Contact:
Katy Abel
(617) 994-6932
KAbel@bhe.mass.edu

For Immediate Release
June 17, 2015

Board of Higher Education Approves Performance Funding Plan for State Universities

Nine Universities to Receive Portion of State Funding Based on % of Students Earning Diplomas

BOSTON, MA – June 16, 2015 – In an effort to hold the state’s public colleges and universities more accountable for the number of students who successfully complete degree programs, the Massachusetts Board of Higher Education today approved a new performance-based funding formula for the Commonwealth’s nine state universities, one that will tie a portion of their future state funding to the overall number and type of graduates they produce.

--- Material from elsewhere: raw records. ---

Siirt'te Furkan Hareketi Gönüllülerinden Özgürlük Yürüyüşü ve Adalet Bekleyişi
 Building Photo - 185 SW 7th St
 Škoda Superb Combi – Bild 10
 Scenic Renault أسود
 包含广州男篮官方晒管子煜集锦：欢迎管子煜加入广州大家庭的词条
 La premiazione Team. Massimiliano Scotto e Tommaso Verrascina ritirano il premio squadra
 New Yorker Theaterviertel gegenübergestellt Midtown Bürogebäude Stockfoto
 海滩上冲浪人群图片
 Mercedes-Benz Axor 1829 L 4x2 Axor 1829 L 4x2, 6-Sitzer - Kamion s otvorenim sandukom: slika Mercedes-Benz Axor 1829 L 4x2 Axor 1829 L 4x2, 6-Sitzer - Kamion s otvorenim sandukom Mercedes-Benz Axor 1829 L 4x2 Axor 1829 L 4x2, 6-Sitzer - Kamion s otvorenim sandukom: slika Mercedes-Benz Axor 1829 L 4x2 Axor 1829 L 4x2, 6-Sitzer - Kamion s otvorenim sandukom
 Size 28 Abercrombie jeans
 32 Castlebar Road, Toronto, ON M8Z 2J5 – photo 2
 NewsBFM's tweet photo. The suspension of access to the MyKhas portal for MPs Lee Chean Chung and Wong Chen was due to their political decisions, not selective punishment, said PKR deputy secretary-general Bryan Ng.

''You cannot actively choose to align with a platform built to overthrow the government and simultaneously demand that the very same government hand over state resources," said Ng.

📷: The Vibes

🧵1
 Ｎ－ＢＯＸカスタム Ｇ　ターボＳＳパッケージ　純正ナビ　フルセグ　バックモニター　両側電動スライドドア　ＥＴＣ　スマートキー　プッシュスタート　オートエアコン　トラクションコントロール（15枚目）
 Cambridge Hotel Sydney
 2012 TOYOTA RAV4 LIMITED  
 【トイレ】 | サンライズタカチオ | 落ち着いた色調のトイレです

“This funding formula was developed at the direction of the Massachusetts legislature and with the close cooperation of and in consultation with the state university presidents,” said Richard M. Freeland, Commissioner of Higher Education.  “It will reward our public campuses for helping some of our neediest students earn their degrees, and it also will improve our ability to provide graduates who are ready for work in the knowledge-based industries that drive economic growth.”

The state university funding formula will be applied to $5.6 million expected to be allocated to the institutions in a new line item in the FY2016 budget.  The funding, which is separate from the base appropriation for individual campuses, will be distributed to campuses once the new state budget is approved.  It is based on a complex formula of metrics and weights developed by NCHEMS, the National Center for Higher Education Management Systems.  An institution’s share of the funding will be determined in part by its five-year graduation rates, year-over-year increases in degrees awarded, the numbers of students who reach 30 and 60 credit hours each year (with additional points awarded for low-income students who qualify for federal Pell grants), as well as numbers and types of degrees awarded (with additional points awarded for degrees in “priority fields” such as STEM, health, business, and education.)  Campuses are also given points for “degree productivity,” the cost of producing a degree per $100,000 in total revenue.  The metrics used in the formula align closely with the Vision Project, the BHE-approved strategic agenda for higher education.

Three state universities – Massachusetts Maritime Academy, Massachusetts College of Art and Design, and the Massachusetts College of Liberal Arts – will be exempt for those aspects of the formula that do not align with their unique missions, and instead will receive a “carve-out” of 5% of the total funds allocated.

“The state universities provide the best value proposition for a four-year degree in Massachusetts,” said Barry M. Maloney, President of Worcester State University and Chair of the nine-university Council of Presidents.  “Performance-based funding recognizes the state universities’ progress in meeting the Commonwealth’s need for more college graduates and narrowing the achievement gaps certain populations experience.  In these ways and more, we are measuring up.  Recognizing performance well-done is important and can benefit students in the long-run when combined with adequate state appropriations.”

The state universities join the fifteen community colleges, which have been receiving performance-based funding since 2013.  Although the two formulas differ in many ways, both incentivize campuses to close achievement gaps and improve the graduation rates of under-represented minorities and low-income students.

Massachusetts is one of 24 states that has embraced performance or “outcomes-based” funding for one or more segments within its public higher education system.  The move to such funding formulas represents a shift from enrollment-based funding mechanisms, which reward higher education institutions for the number of students they enroll but don’t necessarily graduate.  Performance-based funding is seen as a way to better align system performance with states’ need for graduates, students’ need for credentials, and taxpayers’ need for accountability.